Il cambiamento è (spesso) evoluzione

Erano attesi, richiesti, perfino agognati e finalmente sono arrivati. Dopo anni di attesa sono usciti alcuni tra gli album più aspettati e su cui c’era più hype. Parte degli ascoltatori e dei fan degli artisti in questione ne è rimasta soddisfatta, altri invece ne sono rimasti delusi, per le motivazioni più disparate. Nonostante infatti non si possa generalizzare e individuare un’unica critica che viene mossa agli autori di questi progetti, le lamentele spesso si riducono a questa “accusa”: «sei cambiato, non sei più quello di … (inserire nome del disco di esordio)». Ma il cambiamento non è quasi mai un difetto.

Non siamo più quelli di Mi Fist

L’ultimo album dei Club Dogo si chiama Non siamo più quelli di Mi Fist, e il titolo riprende la critica che spesso veniva fatto al golden trio del rap italiano: i tre rapper venivano accusati di aver cambiato il proprio stile e di non essere più originali, entusiasmanti, o semplicemente bravi rispetto agli inizi (Mi Fist è il loro disco d’esordio). Chi accusa un rapper – o un artista – di essere cambiato, lo fa perché non riconosce più nelle sue canzoni ciò che lo aveva fatto interessare alla sua musica. Quando infatti un ascoltatore si appassiona ad un artista, individua degli elementi ben definiti nei suoi brani ed eventualmente collega ad essi degli aspetti della propria vita: ad esempio una vacanza, una persona o un luogo in particolare. La musica di quell’artista entra così a pieno nella quotidianità dell’ascoltatore, che sente un legame con i brani e con l’autore stesso.

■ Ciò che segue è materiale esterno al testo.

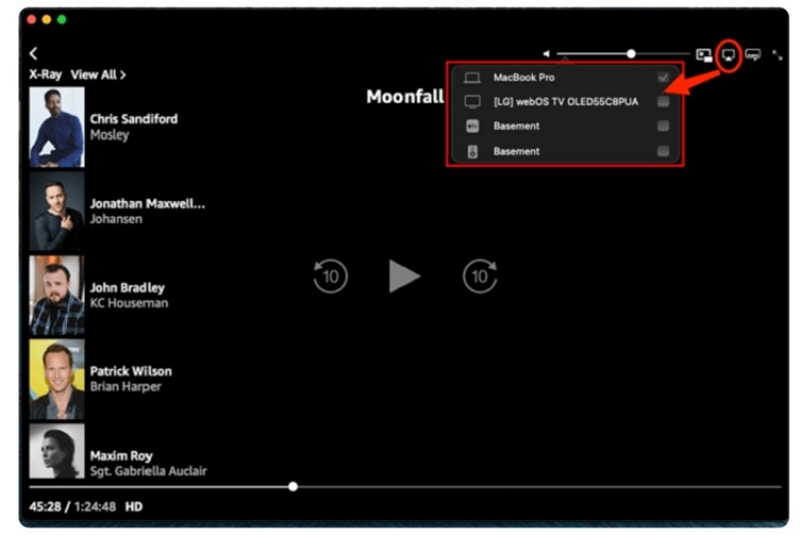 download the purchases or rented videos | amazon video downloader extension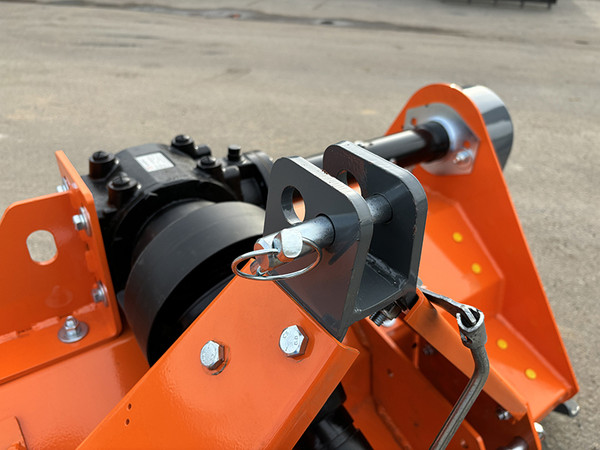 Изображение товара Косилка-мульчер Rossel EF185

Il cambiamento è evoluzione

Può accadere però che il rapper in questione cambi il proprio stile, l’attitudine o addirittura il genere musicale di riferimento: quello che per alcuni può essere un semplice passaggio da un tipo di musica ad un altro, per altri (spesso per l’autore in primis) è una vera e propria evoluzione. Elemento essenziale delle varie espressioni artistiche è, secondo me, la spinta a spaziare e a sperimentare continuamente. Tale spinta è il motore che permette agli artisti di creare opere sempre nuove, almeno apparentemente. Il rap in questo non fa eccezione. I cambiamenti di stile e le evoluzioni che sono avvenute negli anni hanno portato il genere a crescere e ad ampliarsi: dal primo boombap degli anni ’80 si è arrivati alla trap di questo decennio e si arriverà a sottogeneri sempre nuovi e diversi. Questa evoluzione non sarebbe potuta accadere se gli artisti fossero rimasti fermi al loro stile originario e se avessero scelto di “non cambiare mai”.

Crescere con l’artista

È legittimo dunque che un ascoltatore smetta di seguire un artista perché non si sente più rappresentato dalla sua musica, e che continui ad ascoltare i brani di cui si era innamorato. È altrettanto legittimo, però, che un artista cambi il proprio stile e si evolva. Continuare a fare le stesse cose per anni o addirittura per decenni sarebbe sminuente per l’artista in primo luogo, ma sarebbe inutile anche per chi ascolta la sua musica. L’equilibrio perfetto si raggiunge quando ascoltatore e artista crescono assieme, in modo che entrambi si sentano rappresentati dal cambio e dalla crescita che viene poi messa in musica. A te è mai successo? Se sì, con quale artista?